That's a really great diet, like a 10 course betta meal! Probably better than what I eat in simile!

I read somewhere that if your brine shrimp are green, it means they might have been fed on spirulina--thus the green insides.


----------



## Suzie Q (Jan 8, 2007)

Female Betta are the best to have...or a PK Male...the VT, CT, SD, HM and DT are to slow due to their heavy fins to do enough damage in the guppy fry population. If you have only had your guy a day or 2...see if the LFS will trade you for a female...if you want more than 1 female...then you need 5...any less and you will have a lot of fighting for the dominate position.

Good Luck!


----------



## psybock (Jan 12, 2007)

Well, hikari has a brine shrimp that is enriched with spirulina, they are in frozen cubes and they are green, those would possibly be great for constipated bettas b/c of the plant matter, split peas also work just peal off the skin of a thawed pea (plain frozen peas) some bettas like them others don't.
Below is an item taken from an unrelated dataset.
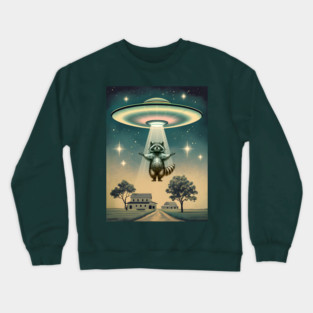 UFO Flying Saucer Abducting Raccoon, funny alien racoon Crewneck Sweatshirt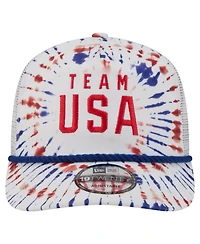 New Era Men's and Women's White Team Usa Firework 19TWENTY Rope Trucker Snapback Hat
You could always gut load your feeders with a vegetable food, it might work as well. Either way carnivores don't get much plant matter so anytime you can get it in them is good. I have found with a varied diet they don't get sick (swim bladder disorder, constipation, etc) as much and seem to be far more active.


----------



## Schoolofdisabledguppies (Jun 9, 2018)

Use red tailed sharks. Works for most of my 40 gal tank.


----------